Last week it announced it has merged its Matthew Clark and Bibendum businesses to “simplify” its on-trade distribution operations.

A “small number” of staff have left as part of the move, which the group said would be completed this summer.

Matthew Clark distributes products including beer, wine and spirits to UK on-premise clients. Bibendum focuses on wine.

Nationwide Building Society

On Thursday Britain’s biggest building society will deliver its first full financial year as the owner of Virgin Money which is acquired for £2.9 billion after controversially refusing its members a vote.

This helped trigger support for James Sherwin-Smith who will seek election to the mutual’s board at the group’s annual meeting in July. 

The expanded Nationwide has leapfrogged NatWest to become the UK’s second-biggest mortgage lender and pushed the mutual into business banking.

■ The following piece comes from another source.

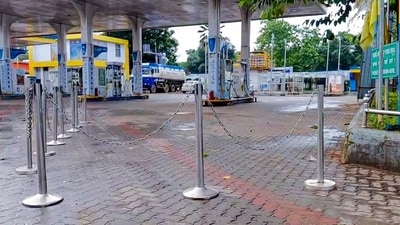 A milkman in Indore used a milk can lid as a helmet to get petrol. The stunt went viral, but officials shut the pump for ignoring the helmet rule enforcement. (Representative image) (ANI Grab ) A milkman in Indore used a milk can lid as a helmet to get petrol. The stunt went viral, but officials shut the pump for ignoring the helmet rule enforcement. (Representative image) (ANI Grab )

Aside from the takeover, there has been a backlash to the substantial hike in CEO Debbie Crosbie’s pay package. She was paid £2.5 million in 2024-25 financial year and could receive as much as £6.9m for 2025-26.

M&S

Investors will be hoping M&S can draw a line under last year’s cyber-attack and provide a confident outlook, reaffirming the retailer’s turnaround, say AJ Bell’s analysts.

A material slowdown in the UK clothing market in the March quarter has not been helpful which is reflected in the shares recently plumbing new 12-month lows.

The recent acquisition of the former ASOS Lichfield warehouse is seen as a sign of management’s ambition to accelerate digital growth and scale.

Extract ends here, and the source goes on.